Signs of Heroin Addiction

Heroin addiction is difficult to hide. A person often seems to go through a complete personality change as everything they once cared for or prioritized takes a backseat to their drug habit. Heroin can have physical effects, as well, especially with long-term use. If you’re concerned about a loved one, watch for some of these signs, and be sure to seek help immediately from a heroin addiction treatment center if you think their behavior is pointing toward heroin addiction.

  • Drowsiness
  • Difficulty focusing
  • Shortness of breath
  • Track marks at injection sites
  • Unexplained financial difficulty
  • Legal trouble
  • Insomnia
  • Sensitivity to pain
  • Loss of interest in usual activities
  • Lying or secrecy about whereabouts
  • Using drug-related slang
  • Presence of drug paraphernalia (needles, balloons, pipes or baggies)
  • Flu-like symptoms
  • Depression, anxiety or general irritability

The best way to find out if heroin is a problem in your life or the life of a loved one is to talk to a healthcare provider. A doctor, mental health professional, addiction specialist or counselor can connect you with the right resources to get the help you need.

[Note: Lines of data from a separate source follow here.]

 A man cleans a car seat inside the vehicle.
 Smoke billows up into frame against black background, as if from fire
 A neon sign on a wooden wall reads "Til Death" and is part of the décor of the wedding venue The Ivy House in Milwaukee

Heroin Addiction Treatment Center in Laguna Beach

At Oceanfront Recovery, our heroin addiction treatment center can save your life or the life of your loved one. We are here to help you at every step of the recovery process from detox to your transition into independent living and beyond. Our heroin addiction rehab program enables you to get safely through physical withdrawal symptoms with medically monitored detox and moves on to address the painful psychological issues that first brought on your addiction through individualized and holistic therapies. When we treat your addiction by reaching to the root of the problem, we know that you will never need to use heroin to cope with your difficulties again.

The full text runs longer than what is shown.